I have a doubt about how we update the entries of the cache: I understand that after selecting a peer, the two nodes exchange their caches, merge them, and then remove the oldest entries such that the cache has a predefined size c.

My question is: when updating, should we overwrite the previous entries from the same peer, if there was already one in the cache? Or should we just add another entry and maybe have multiple entries from the same peer?

I ask this question because it seems that, if c = 20 ~ 50, after some simulation steps, a grid graph becomes disconnected (in other words, more than 1 connected components). Allowing multiple entries of the same peer cause each node to exploit circa half of its cache to get its neighbors, since the observed average degree of the nodes is ~c/2 (not allowing multiple edges between two nodes).

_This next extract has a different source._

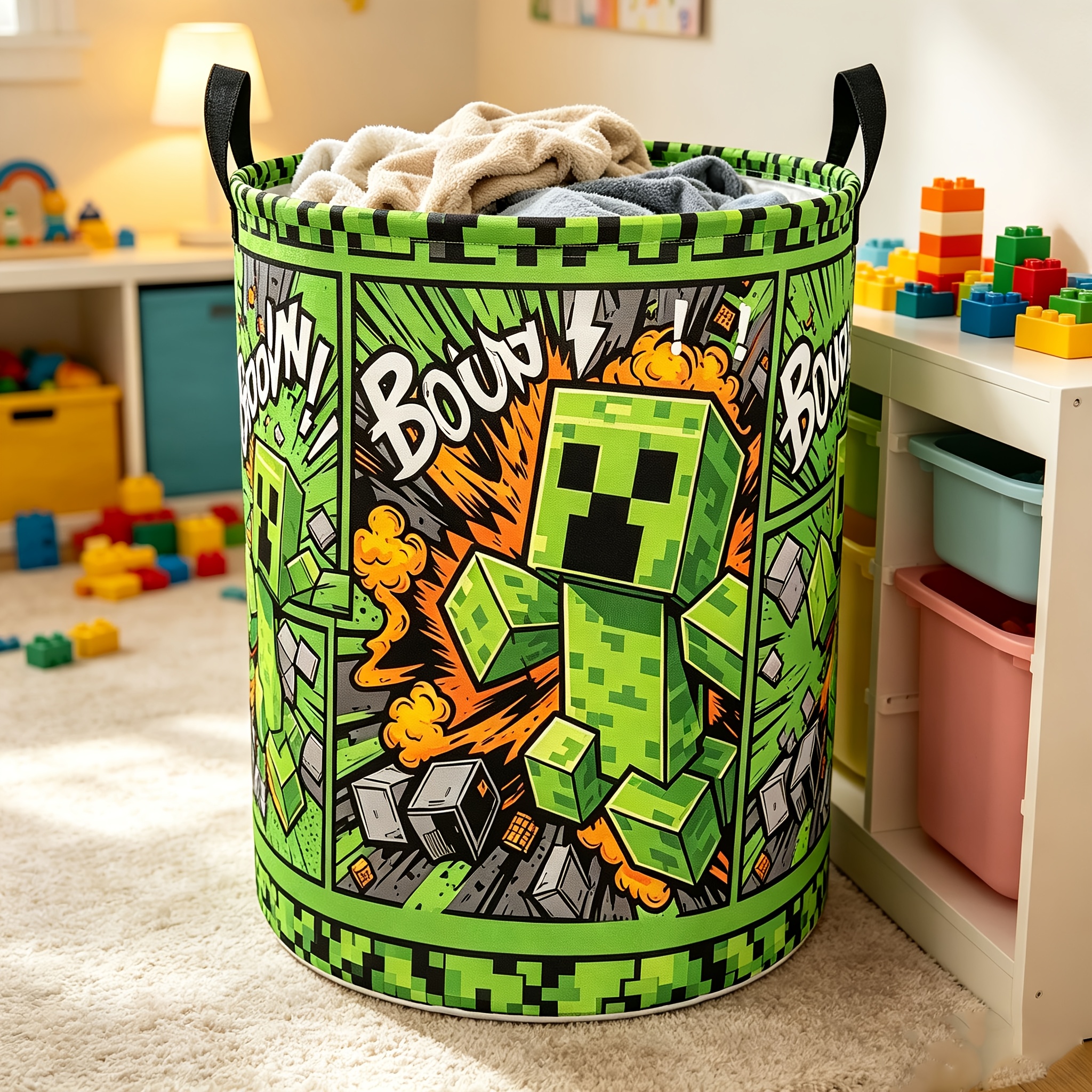 TEMU 1 pièce, Panier de rangement portable tendance et cool avec imprimé Creeper en blocs de pixels de style bande dessinée, Panier à linge sale pour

The paper "Newscast Computing" by Jelasity et al. is not very clear about this, but it states that

"The graph Dt is c-regular, that is, all correspondents have cache size c and therefore c
outgoing edges (provided the number of correspondents is larger than c
)."

and also

 "[...] there is a directed edge from correspondent c1 to c2 if and only if the address of c2 is contained in the cache of c1."

so the c outgoing edges in the Dt graph should connect to c distinct nodes, which is highly improbable if we allow repetitions.

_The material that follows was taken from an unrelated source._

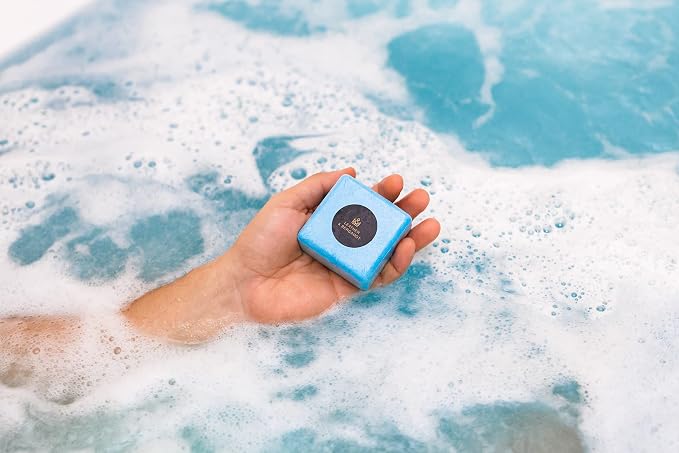 Bath Bombs for Men – 8 Large Block Shape Natural Mens Bath Bombs | Relaxing Bubble Bath Set & Bubble Bath Balls for Men | Masculine Scents & Skin Soothing Gift Set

My implementation may be wrong, but I want to specify that:

  • the random selection of the nodes is not biased by the number of entries from the same peer (each peer is counted as 1 and selected uniformly at random;
  • the random selection exclude the possibility that a peer selects itself;
  • at each simulation step, the nodes are sorted by the instant in which they were last updated (from the oldest to the most recently updated), and then re-updated in that order (sequentially).
I attach four pictures representing the evolution of a grid graph of 10×100 nodes. After just 3 steps, the graph becomes disconnected.
Attachment step-0.png
Attachment step-1.png
Attachment step-2.png
Attachment step-3.png
In reply to FRANCESCO LANDOLFI

Re: [Epidemic Protocols] Doubts regarding cache updating

by FRANCESCO LANDOLFI -

Ok, I tried avoiding peer repetitions in the same cache and now it works like a charm, even with c down to 15 (the paper showed results only with c ≥ 20)!

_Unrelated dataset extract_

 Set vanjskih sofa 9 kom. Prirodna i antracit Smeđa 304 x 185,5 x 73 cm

In reply to FRANCESCO LANDOLFI

Re: [Epidemic Protocols] Doubts regarding cache updating

by Laura Ricci -

Just for a better understanding: the first graph is the grid graph and the other 3 graphs are the components after the graph becomes disconnected?

In reply to Laura Ricci

Re: [Epidemic Protocols] Doubts regarding cache updating

by FRANCESCO LANDOLFI -

No, the first graph represents the initial state of the network: it has the default layout generated by Cytoscape, but you can actually see that, if you "unroll" it, it's a grid. The other 3 pictures represent the states of the same graph respectively after 1,2, and 3 steps of the newscast algorithm.

In the 4th picture (i.e., the 3rd step) you can see that there is a small disconnected cluster of 3 nodes in the upper part of the figure.

The algorithm does not provide a method to reconnect automatically those nodes, so it will remain disconnected for the whole simulation. Moreover, as the simulation goes further, the graph becomes even more disconnected, as depicted in the attached picture where, after 20 steps, the graph has 114 connected components.

By the way, this is what happened when I allowed multiple cache entries by the same peer, and it seems this what caused the problem.

Attachment step-20.png
In reply to FRANCESCO LANDOLFI

Re: [Epidemic Protocols] Doubts regarding cache updating

by DAVIDE RUCCI -

Personally I think that we should not have repetitions in the caches. I may be wrong but I see repetitions useless, like in the midterm (we are talking about peer connections, so there is no benefit in having two or more connections to same peer, you just need one connection).

Also, I'm not sure if it is correct that a peer exchanges the view with itself, it should do it with a peer selected at random from its view, and its view should not contain itself.

In reply to DAVIDE RUCCI

Re: [Epidemic Protocols] Doubts regarding cache updating

by FRANCESCO LANDOLFI -
I agree with you,  the cache should not contain repetitions, also because otherwise the algorithm fails (as showed before).

Also, I agree that a peer should not select itself, since it would be a null cycle: the peer exchanges the cache with itself, so each entry is replaced with the same version of itself, and so on. 

I do not agree that the cache should not contain a copy of the data of the peer owner of the cache: not because it's wrong (in fact it's not only useless but disadvantageous, since it wastes a cache position and reduces the degree of the node by 1), but because, unlike the cache repetition problem which it's unclear but can be deduced from the text, the fact that a peer contains an entry of itself is explicitly stated in the paper:

Each correspondent executes the following five steps once every ∆T time units.
  1. Request a fresh news item from the local agent by calling getNews(). Create a new cache entry and insert it into the cache.
  2. [...]